In UN-Habitat ‘s new World Cities Report 2026, the global housing crisis becomes the result of a specific choice: in recent decades housing has been transformed into a financial asset, progressively disconnected from its social function.
Numbers compiled by the United Nations explain the scale of the phenomenon: up to 3.4 billion people worldwide lack access to adequate housing, while more than 1.1 billion live without running water, sewerage or a safe roof. Growing is the hardship in the suburbs of the global South, but also the economic pressure in Western cities, where rents and real estate prices have now exceeded the spending capacity of large segments of the population.
In the report, presented at the World Urban Forum in Baku, the UN lines up five factors that are exacerbating the crisis: diminishing affordability; increasing displacement; expansion of urban informality (i.e., the growth of neighborhoods that have sprung up without permits, without basic services and outside of any master plan); climate impacts; and worsening quality of life in urban neighborhoods.
The market is not correcting
One of the most interesting passages in the paper concerns the role of governments. After decades of policies based almost exclusively on the housing market and private property, UN-Habitat openly argues that market-led models-that is, based on the idea that the market, left free to function, would find the balance on its own-have not solved the crisis, rather they have widened inequality.
The indication is clear: the state must return to intervention in planning, rents, social housing and regulation of real estate speculation. The report cites three examples considered effective for different but converging reasons: rent control in Germany, which has contained speculative rents in large cities; Brazil’s favelas redevelopment programs, which have improved housing conditions without displacing communities; and cooperative housing experiences in Thailand and Cambodia, built from the bottom up with public support. The common thread is one: direct intervention, not delegated to the market.
Cities expel low income earners
Another structural fact also emerges in the report: the cost of housing is rising everywhere, and nearly 44 percent of renter households exceed a critical threshold: 30 percent of income allocated to housing, a limit beyond which economists speak of unaffordability.
The effect can be seen especially in large cities: workers expelled to increasingly distant suburbs, young people postponing housing autonomy, an increase in evictions, and the growth of invisible forms of precariousness, from overcrowded micro-rentals to temporary accommodation. It is a snapshot of a market that fails not by accident, but because it responds to a logic other than housing need.
Climate and housing: a unique emergency
In the document, the climate issue does not appear as a separate chapter, but as an element now intertwined with the housing issue. Buildings are responsible for 37 percent of global greenhouse gas emissions and, at the same time, millions of homes are exposed to extreme weather events. In 2024 alone, nearly 46 million people were displaced by extreme weather events.
According to projections prepared for the report, the climate crisis could destroy 167 million homes worldwide by 2040. It’s an estimate that incorporates scenarios of rising sea levels, heat waves, and increasingly frequent flooding, making the question of where and how people will build in the next two decades all the more urgent.

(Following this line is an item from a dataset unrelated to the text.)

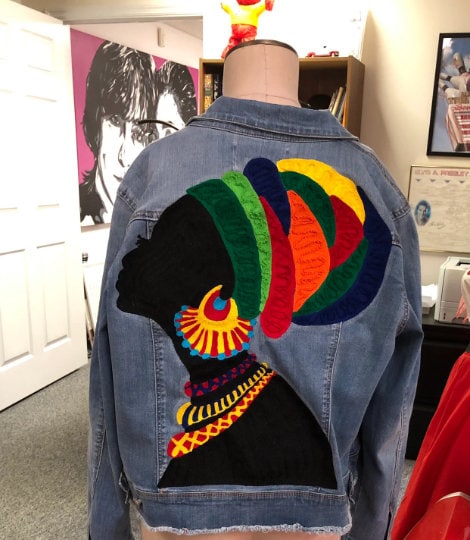 Chaninstitched Embroidered African woman  Denim Jacket One of a Kind made to order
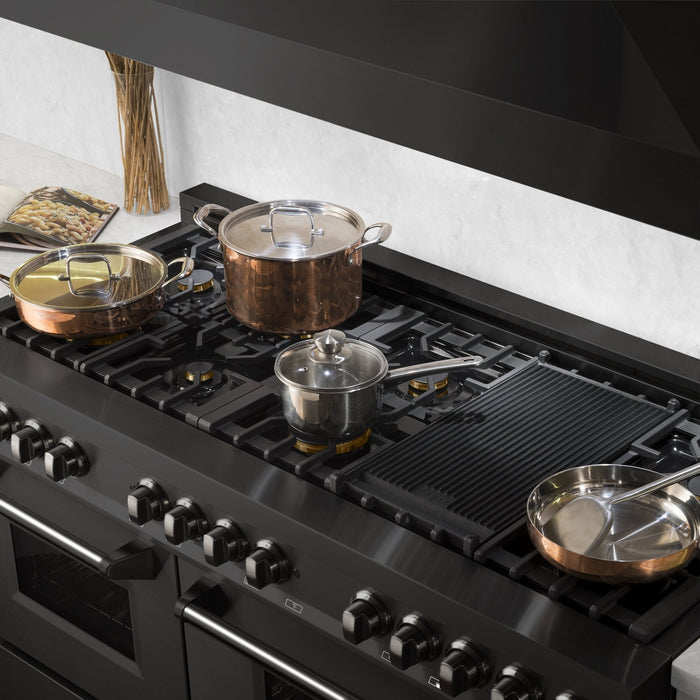 ZLINE 60" Dual Fuel Range, Black Stainless, Brass Burners, RAB-60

That is why UN-Habitat insists on a principle that returns several times in the report’s more than 300 pages: redeveloping existing neighborhoods is almost always preferable, in economic and social terms, to demolition and reconstruction. The Brazilian favelas already mentioned are an example: intervening on infrastructure, sewers, roads, electricity while keeping communities in place has shown better results, and lower costs, than tabula rasa followed by new construction.
A change of course
Perhaps the most significant aspect of the report is linguistic before it is political. For the first time in years, the UN lexicon drops the phrase “smart city” and returns to talk about social housing, public control and the right to housing. These words signal to us that the housing crisis is no longer seen as a marginal issue of urban welfare, but one of the great economic and social rifts with which cities must contend.